What would you say is the biggest misconception about menstruation?

Yoni Pad

That it’s something that needs to be hidden or should be kept secretive…

Menstruation is part of many people’s life and can be a gauge for your health in general. It is therefore important that it’s normalized and conversations are had so that people become more knowledgeable about their own bodies. This also helps to become more pro-active when it comes to your health. A lot of people experience pain around their menstruation for years without it being identified that they might be suffering from e.g. endometriosis or other serious health issues.

More conversation and normalization also helps to ditch the shame around menstruation, which can effect young girls’ and women's self confidence in ways that are unmeasurable but definitely far reaching.

How do you hope to encourage women and female-sex bodies to be more open in conversation when it comes to the topic of menstruation?

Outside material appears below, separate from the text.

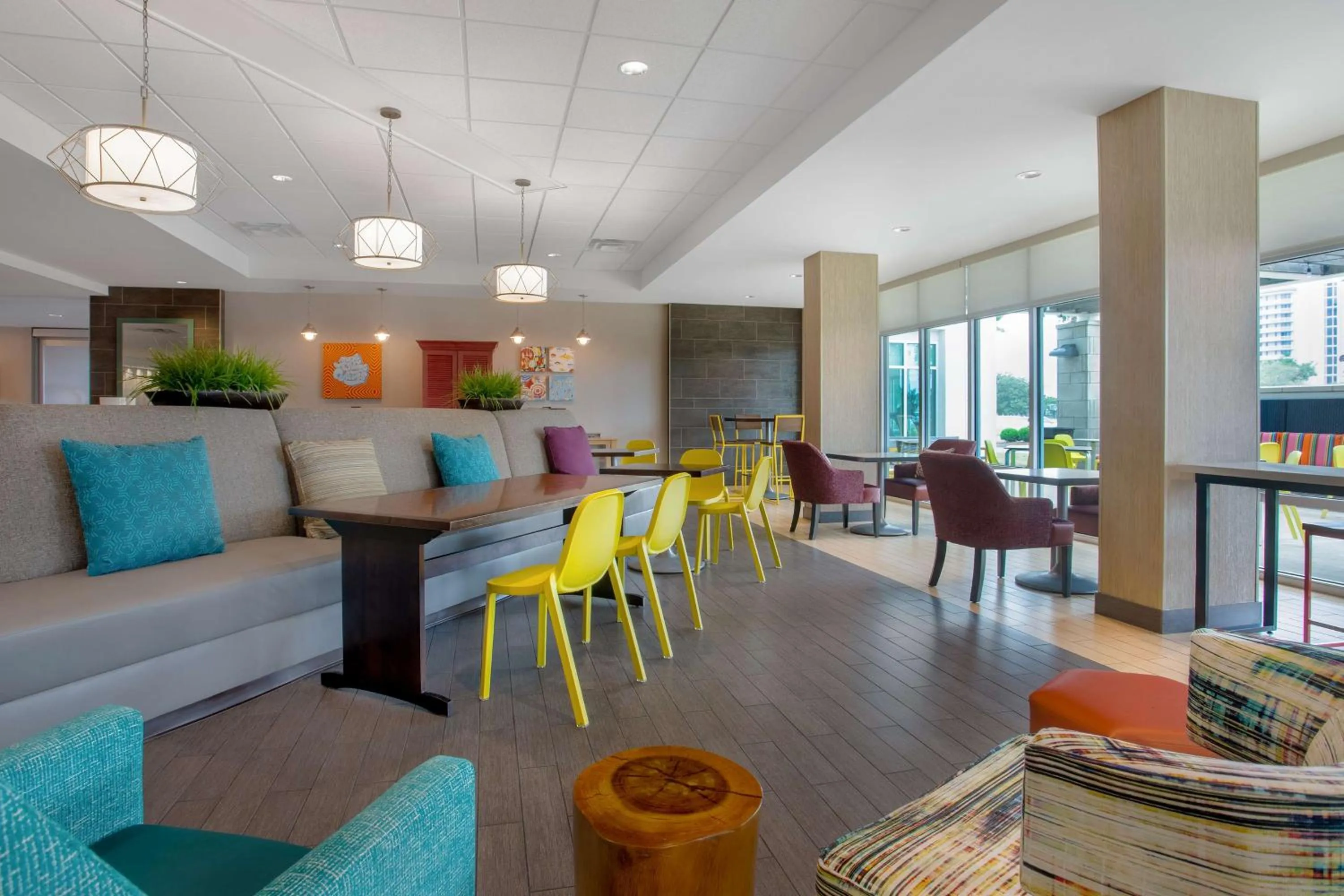 Lobby or reception in Home2 Suites by Hilton Destin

With beautiful packaging design and visual way of communicating online (check out our Instagram we hope to help make menstruation products to be seen as care products rather than shameful “hygiene” products. We also always aim to be direct in our communication using words like “vagina”, “menstruation”, etc. instead of beating around the bush.

I (Mariah, one of the founders of Yoni) also wrote a books “V from Vulva to Vagina” – unfortunately only in Dutch to date - to open up further conversation.

Can you tell us about your #payforaperiod campaign and Yoni’s aim to raise further awareness around period poverty?

Pay for a Period

Everyone with a period can understand how debilitating it is not to have the right period products at your disposal when you need them. Often there already is a lot of shame involved in being poor. Put on top of that the taboo around periods, we see that this topic has lagged behind. It is great to see legislation coming into being supporting access to period products for everyone.

We also see that because of the taboo surrounding periods it is important to check how these products are on offer and if the people that need them really can actually get them (e.g. if you need to ask for them you might not). Here in the Netherlands we work together with the Poverty funds (Armoedefonds) with products and by promoting this story on our website where everyone can donate products directly to this organization. They then have over 1400 points where products are distributed from e.g. schools and food banks. This number is swiftly growing especially in these challenging times. We are happy to help and hope to help more in the future. This year we will be setting up a Yoni Foundation dedicated to supporting vaginal care ranging from issues like period poverty to more research or better education.